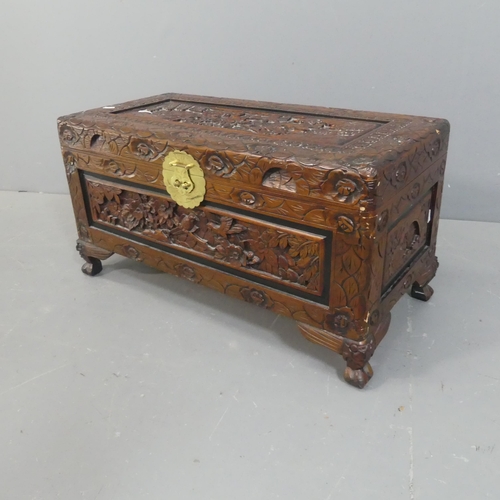 2138 - A Chinese camphorwood blanket box of small form, with all-over carved decoration and brass mount. Wi... 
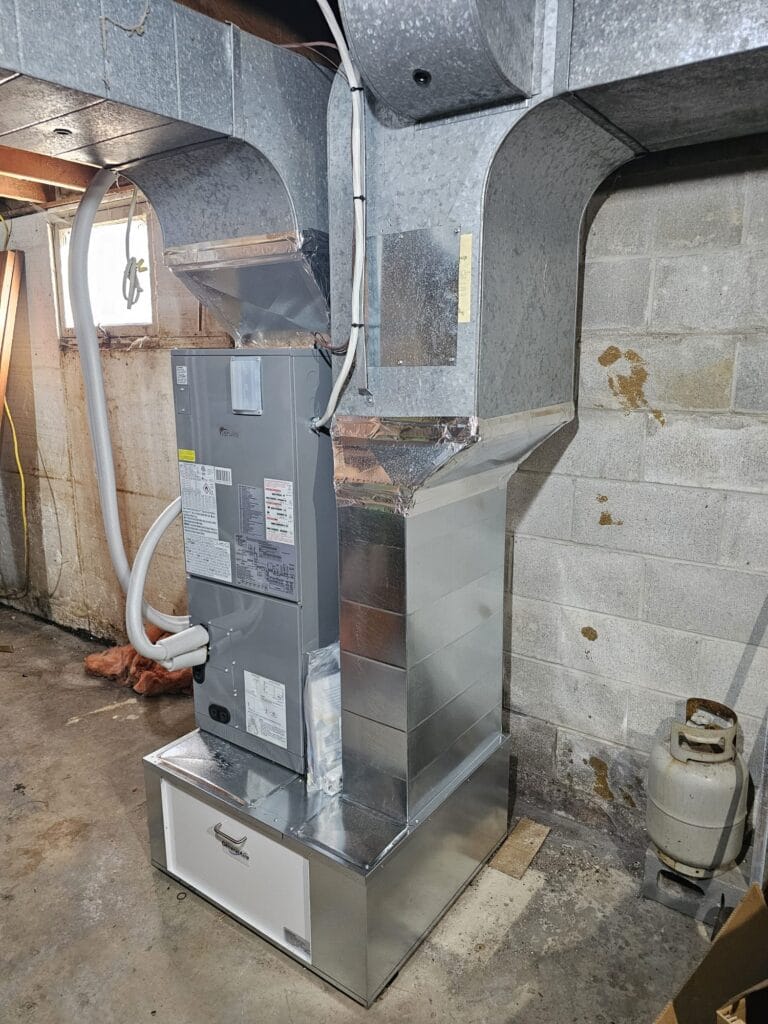 New central air handler and duct transitions installed where an old oil furnace stood in a Colborne basement.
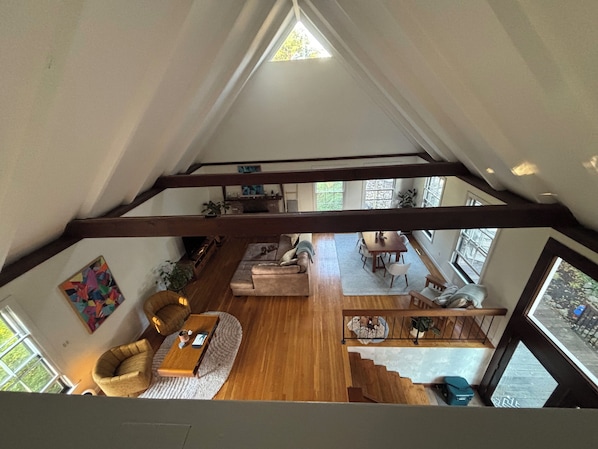 Ein geräumiges Loft mit hohen Decken, freiliegenden Holzbalken, einer gemütlichen Sitzecke mit Sofa und Sesseln, einem Esstisch mit Stühlen und großen Fenstern mit Blick ins Freie.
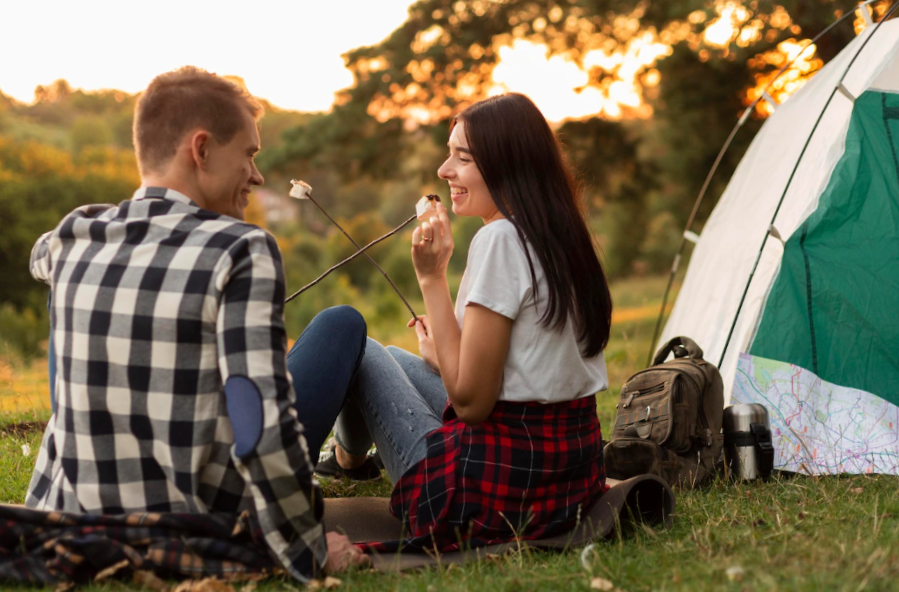 Back view young couple enjoying nature and cooking marshmallows together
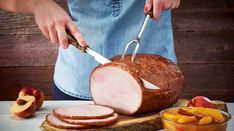 a person cutting up a ham on top of a wooden board next to sliced peaches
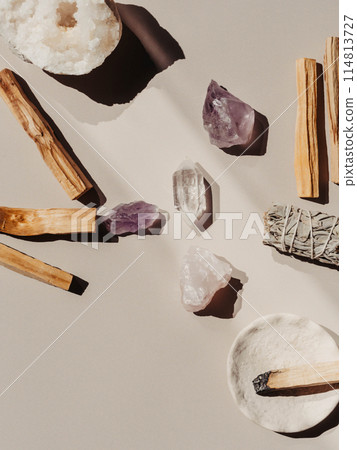 White sage and Palo Santo and amethyst and quartz crystals on a light beige background White sage and Palo Santo and amethyst and quartz crystals on a light beige background 114813727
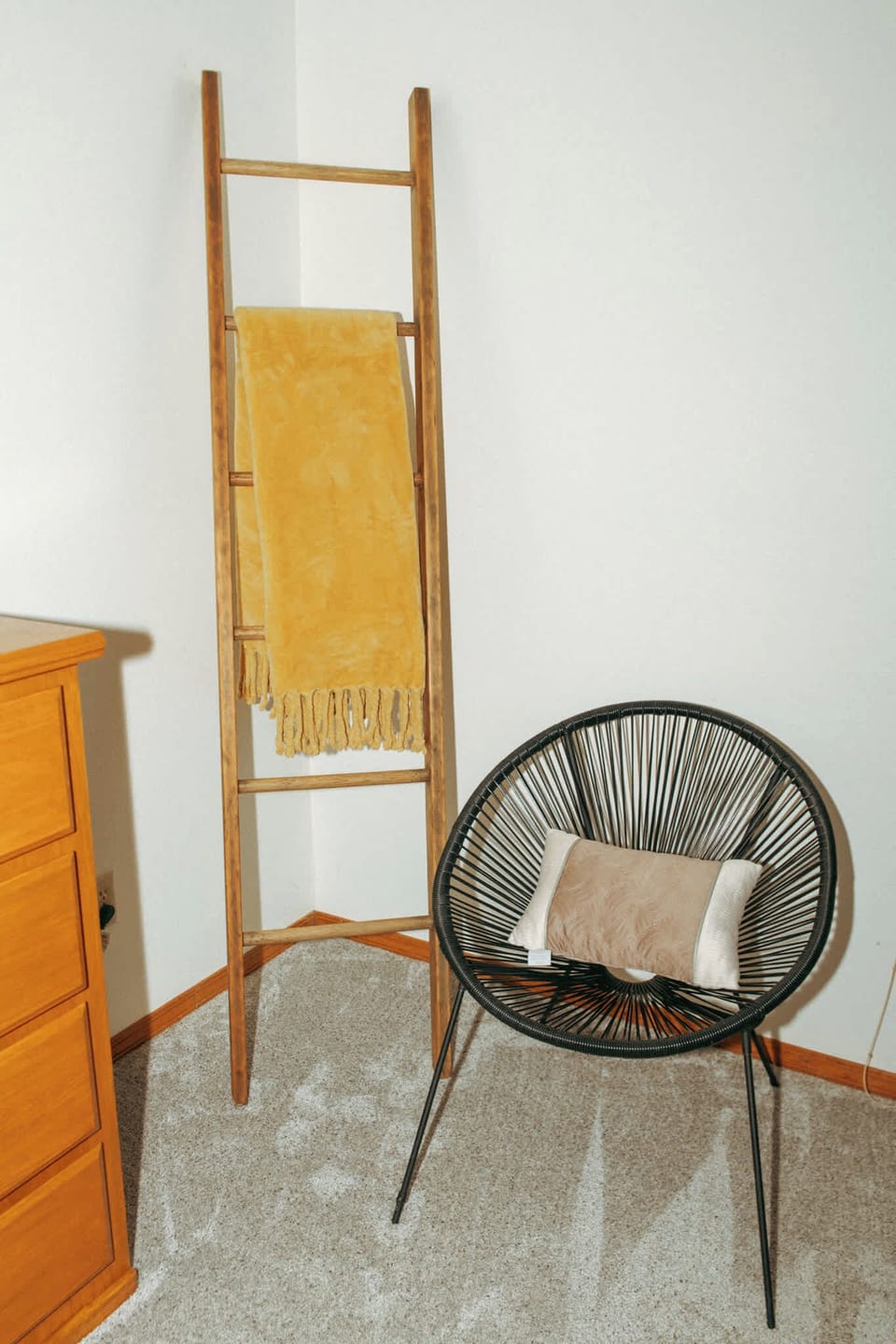 Bedroom 1 reading chair and dresser.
——————
All lines from the start of the entries above through the line containing "Back view young" must be transcribed exactly, both ends included, and no picture may be copied.

 2138 - A Chinese camphorwood blanket box of small form, with all-over carved decoration and brass mount. Wi... 
 New central air handler and duct transitions installed where an old oil furnace stood in a Colborne basement.
 Ein geräumiges Loft mit hohen Decken, freiliegenden Holzbalken, einer gemütlichen Sitzecke mit Sofa und Sesseln, einem Esstisch mit Stühlen und großen Fenstern mit Blick ins Freie.
 Back view young couple enjoying nature and cooking marshmallows together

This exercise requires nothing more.